Nun, am Abend unserer Ankunft war tüchtig geheizt worden, und die Atmosphäre in dem niedrigen Zimmer ließ Manches zu wünschen übrig. Die Tiroler rauchen infolge des Tabakmonopols ein polizeiwidriges Kraut, und es ist mir immer äußerst bezeichnend erschienen, daß sie ihre Pfeifen Stinktiegel nennen. Natürlich waren auch verschiedene Führer da, darunter der Löwenhansl, ursprünglich ein Fleischer seines Zeichens, ein bärenstarker Mensch, der aber die Führerei auch aufzustecken gedenkt, da selbst seine Riesennatur den Strapazen auf die Dauer nicht gewachsen ist. Er hat sich inzwischen zum Maurermeister entwickelt, die Grasleitenhütte umgebaut, den Neubau der Vajoletthütte besorgt und den Bau einer Kölner Hütte am Tschagerjoch übernommen, wozu übrigens auch ein kernfester Mensch gehört, denn der Bauplatz der Vajoletthütte mußte zu Pfingsten aus dem Schnee geschaufelt werden, und das Uebernachten erfolgte in einer Art Höhle unter einem überhängenden Felsen, da nicht erst Baracken gebaut werden konnten und man nicht allabendlich hinunter nach Perra laufen mochte und früh wieder herauf.

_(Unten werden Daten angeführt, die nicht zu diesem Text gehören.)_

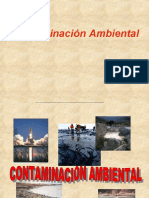 Prescontaminacion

Da sich der Hüttenwart in unserer Gesellschaft befand, der seine im August eingeweihte Hütte noch gar nicht kannte, obgleich er sie von Leipzig aus mit allem Nöthigen hatte versorgen lassen, so erschien es selbstverständlich, daß Hansl uns am nächsten Morgen begleitete. Der Aufbruch sollte ganz früh erfolgen und es war in der That noch ganz grau, als wir unser Frühstück einnahmen, das aus Kaffee, Tee oder Milch bestand; daheim kann man mich mit Milch jagen, in den Bergen ist sie mir ein Bedürfniß, gerade so wie fettes Fleisch, Speck usw.
Als unsere kleine Expedition sich in Bewegung setzte, waren die Aussichten auf einen schönen Tag sehr gering. Es hatte in der Nacht gefroren, war aber wolkig und trübe und man mußte mit der Möglichkeit eines Schneesturms rechnen; wir hatten allen Grund uns zu beeilen, d. h. keine überflüssigen Pausen einzuschieben, denn das zulässige Marschtempo ist ein für alle Mal gegeben – man kann nicht von demselben abweichen, ohne sich im Anfang zu übernehmen und nachher umzuklappen, so daß man für eine starke Erschöpfung nur einen Zeitverlust eintauscht, also doppelten Verlust erleidet.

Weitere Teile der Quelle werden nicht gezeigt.